Trinh gives credit to the resilience of the school community. He has lived in Houston since arriving as a Vietnamese refugee in 1978, and his immigrant background is a bond he shares with the large majority of the school’s students.

“Our teachers, our students – somehow they made it work,” Trinh said. “A lot of us endure so much.”

Lorena Alaniz, an 18-year-old senior at Wisdom, maintained a 3.5 GPA despite having to work part-time to help her family rebuild their flooded home.

“Some days I would wake up in the morning and tell myself, ‘I want to drop out. I want to just leave. But I can’t,’” Alaniz said as she sat in her school’s cafeteria. “I know I can and I have to keep going for myself, for my family. So I chose not to give up.”

As the Carolinas are now experiencing in the aftermath of Hurricane Florence, the storm that hit Houston was hugely disruptive for schools.
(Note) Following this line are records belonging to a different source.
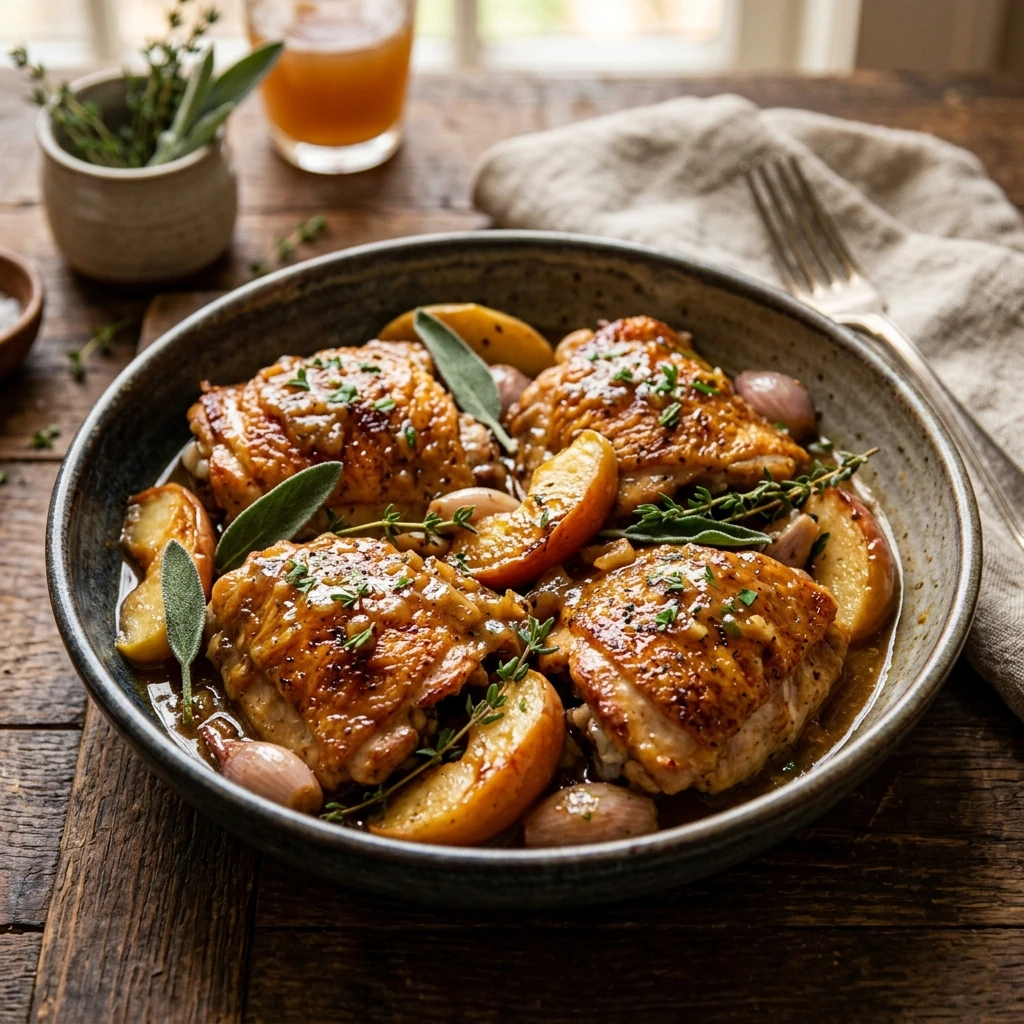 Apple Cider Chicken Thighs Fall Easy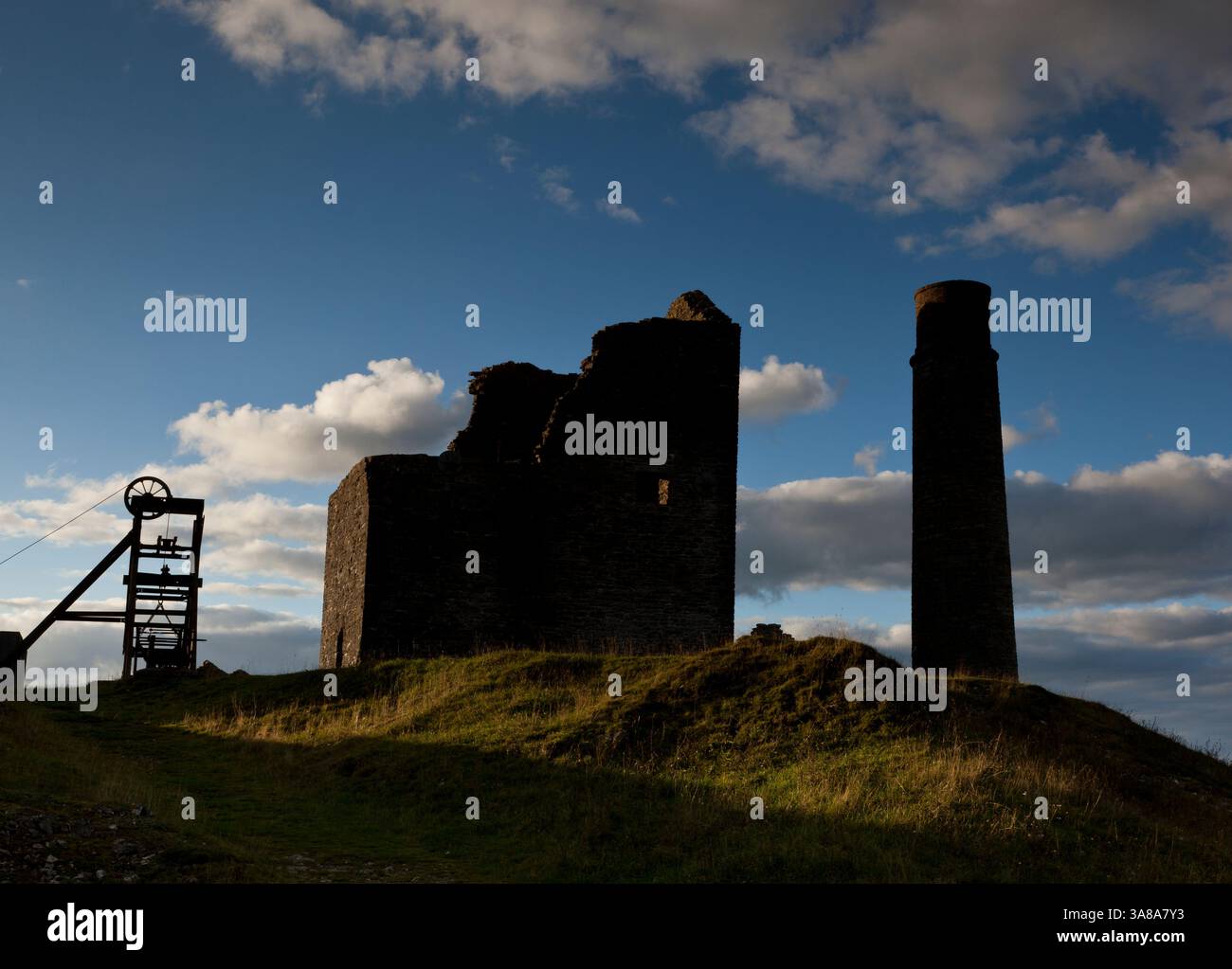 Mine de Magpie, Derbyshire, Royaume-Uni Banque D'Images
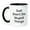Black/White, variant on 3drose, Image of Just Don’t Do Stupid Things, 11oz Two-tone Red Mug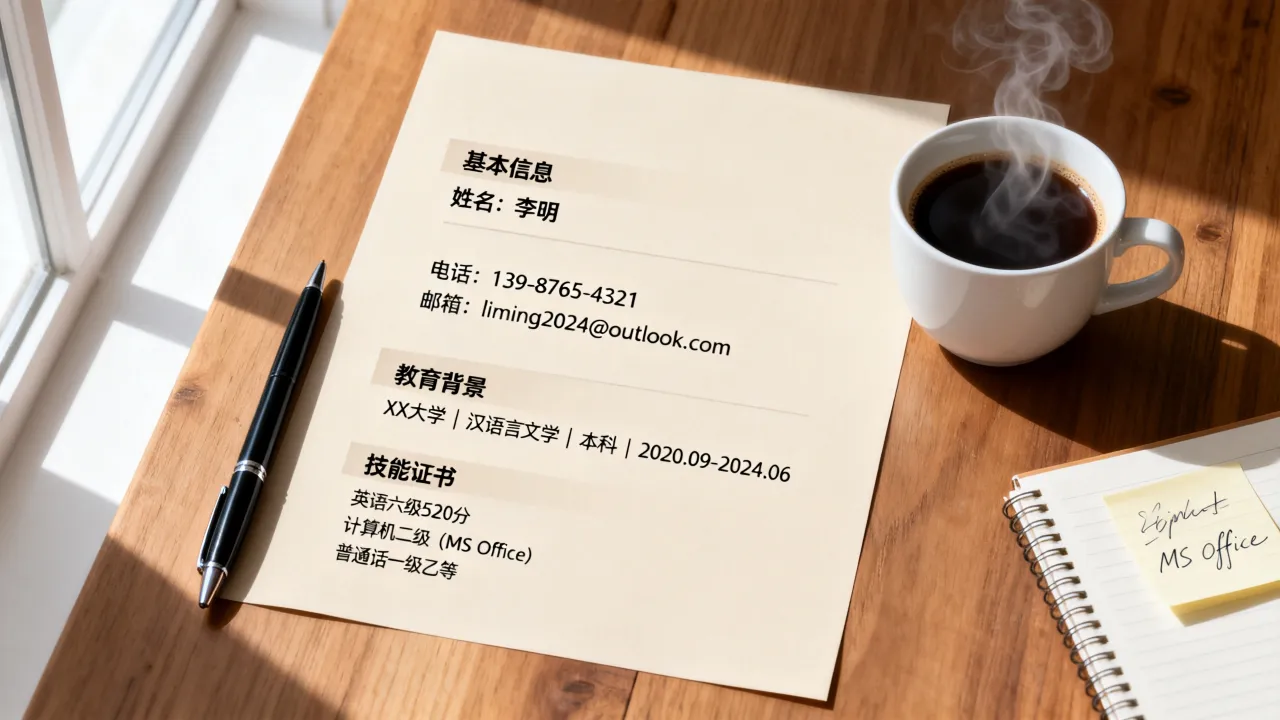 我的简历怎么写?应届生无经验求职简历模板,怎么写才能吸引HR?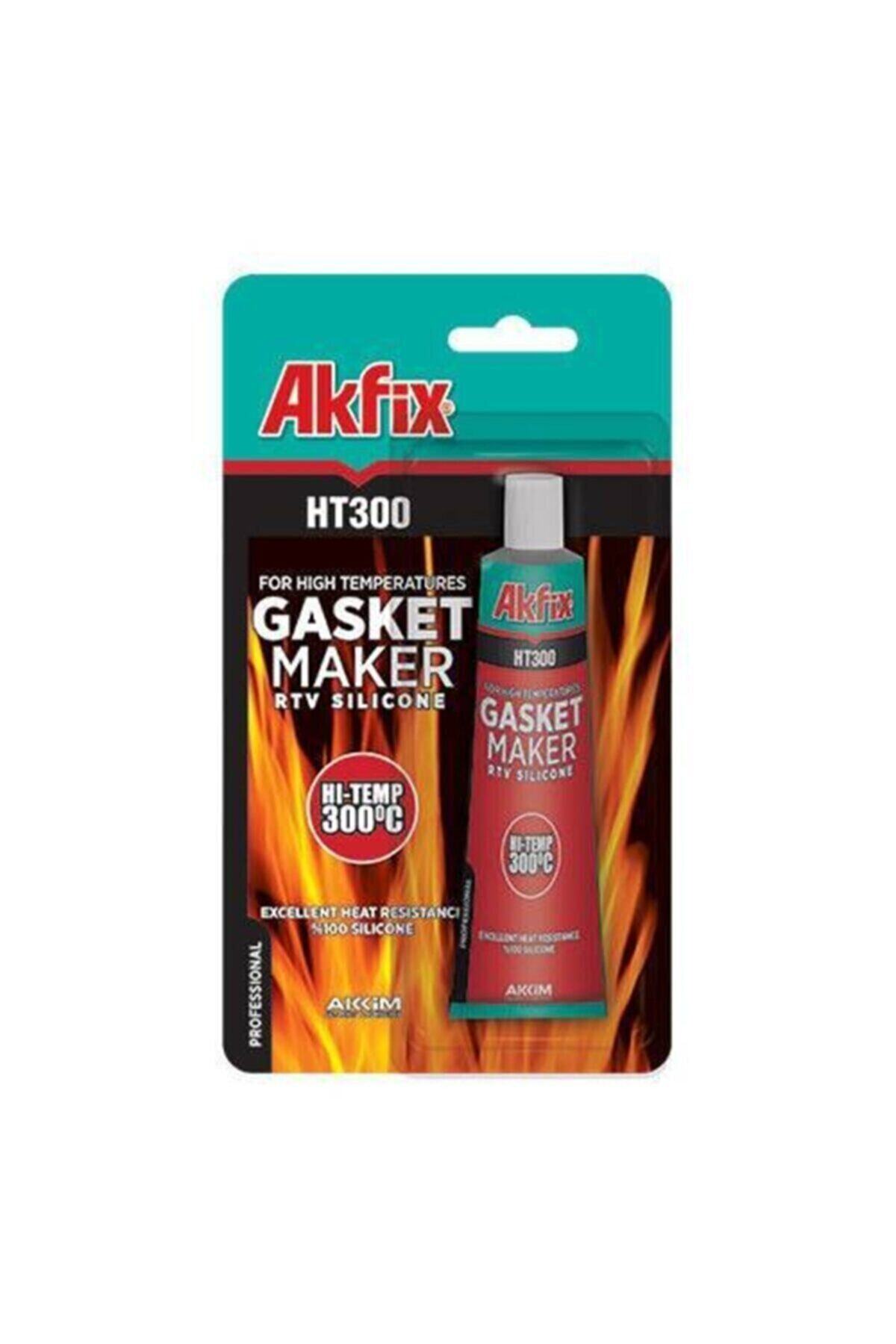 Akfix Ht 300 Yüksek Isıya Dayanıklı Silikon Kırmızı 300°c 50 Ml 01442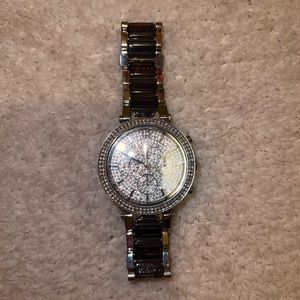 Michael Kors rhinestone watch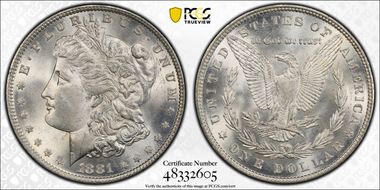 1881 $1 MS65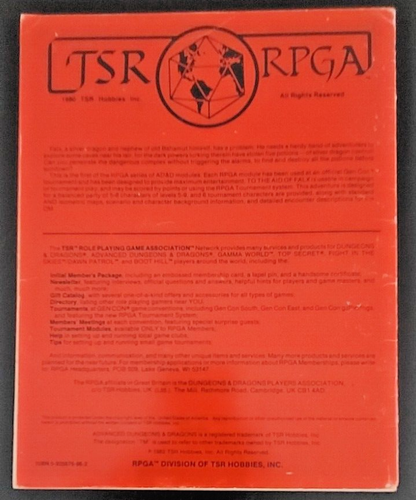 TSR RPGA Module R1 To the Aide of Falx, vintage, Dungeons and Dragons, D&D - Picture 8 of 8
The Category 4 hurricane that hit in August 2017 caused an estimated $125 billion in damage and closed Houston-area schools for weeks on end. About 10 percent of students in Houston schools were displaced by the storm, state records show.

For Houston school leaders, there was extra motivation in the decision by Texas officials not to excuse all schools in the Houston Independent School District from state testing ramifications. A third of the district’s 281 campuses, including Wisdom, were not eligible for a state waiver, which was determined by the number of teachers and students displaced, school closure days or physical damage to the buildings.